DSFM is aimed for those wanting to return to campus for the 'EPFL experience.' The venue adds to the intensity and ambition of the course by motivating participants to move quickly through a great amount of material in a relatively short amount of time. The five day boot camp covers much of the same material as a challenging, semester-long, masters course at EPFL.
EPFL is also home to over 350 laboratories and research groups, each working at the forefront of science and technology – with a diverse, committed and stimulating research community that is active over a wide spectrum of quantitative and design-focused disciplines.
Preparation
Most managers have forgotten their mathematics, so we emphasize visualizations of mathematical concepts instead of complicated proofs. Moreover, most boot camp participants are not professional programmers. We therefore present basic programming concepts and build from there to complete solutions.
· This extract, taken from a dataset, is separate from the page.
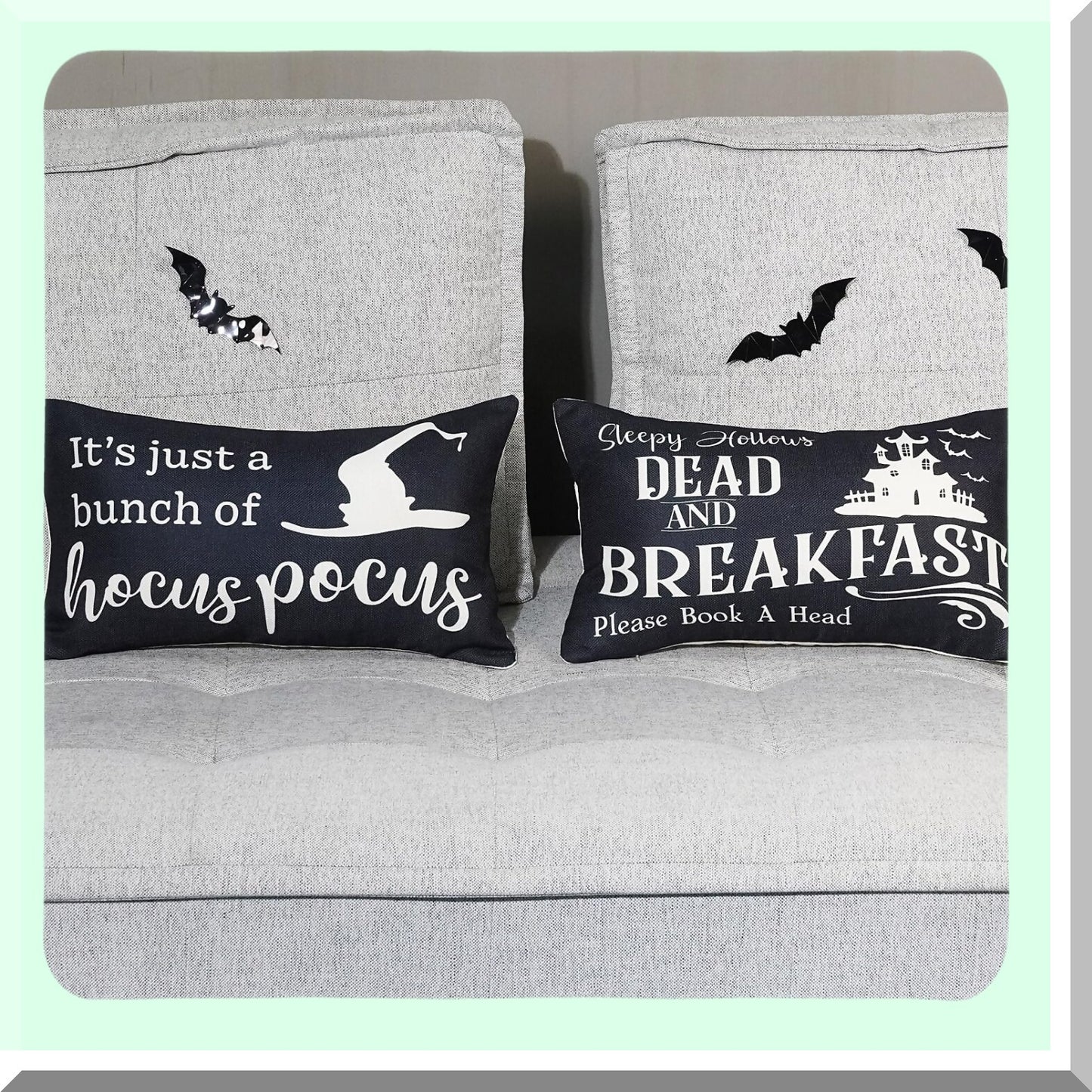 Fall Harvest Magic Pillow Covers 12x20 - Set of 2 Halloween Hocus Pocus Pillowcases for Sofa Couch Bedroom - Black Farmhouse Decor Case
Novice programmers will learn how to read programming code provided in solutions; more advanced students will learn to build those solutions from the bottom-up using scikit-learn APIs. Teaching assistants are available throughout the day to provide one-on-one assistance with practical problems. All participants will leave the course being able to build, evaluate, and work with real data and real models!
No prior training in Data Science is required to take DSFM, and the course is limited to 40 participants to ensure time for one-on-one assistance.
However, to get the most out of the Boot Camp, you will...
Be familiar with linear algebra (although we use very little math)
Be familiar with statistics (although we will review the basics)
Be conversant in English (the course will be given in English)
Bring a laptop (Mac, Windows, Linux, or Chromebook)
Python
You don't need to be a programmer, or to program solutions from scratch in the course, but we will look at real coding examples to see what it does. (And why!)
We recommend that you dedicate 5 to 10 hours of online study with the Python programming language before the start of the Boot Camp course. If you are new to Python, a little bit of preparation will help you to get much more out of the class.
We will email you several suggestions for online preparation in Python when you register.
Do not fear! We will have several highly-qualified EPFL graduate students on-hand to work with you one-on-one to answer questions about the programming code.